> **ACTION ITEM**
Only the lines below starting at the one containing "Apartmanok Parkolóhellyel Maslenica, Novigrad" and ending at the one containing "Hotel Rean 格勒姆 外观 照片" belong in the answer, each copied exactly.

> **ENTRIES SHOWN**

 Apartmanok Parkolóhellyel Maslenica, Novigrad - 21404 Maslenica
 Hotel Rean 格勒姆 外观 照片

--

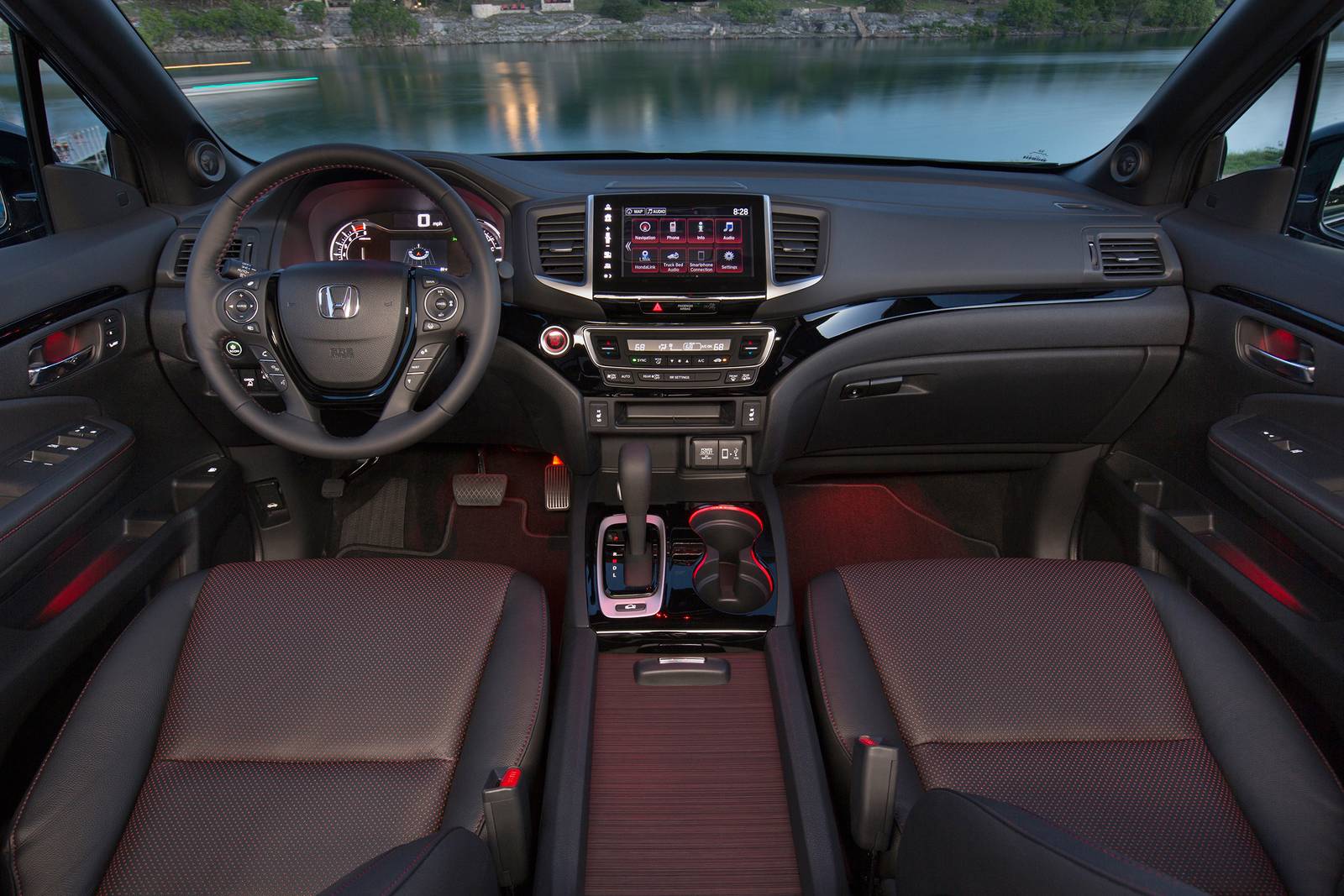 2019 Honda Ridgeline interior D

> **ANSWER BOX**
 Apartmanok Parkolóhellyel Maslenica, Novigrad - 21404 Maslenica
 Hotel Rean 格勒姆 外观 照片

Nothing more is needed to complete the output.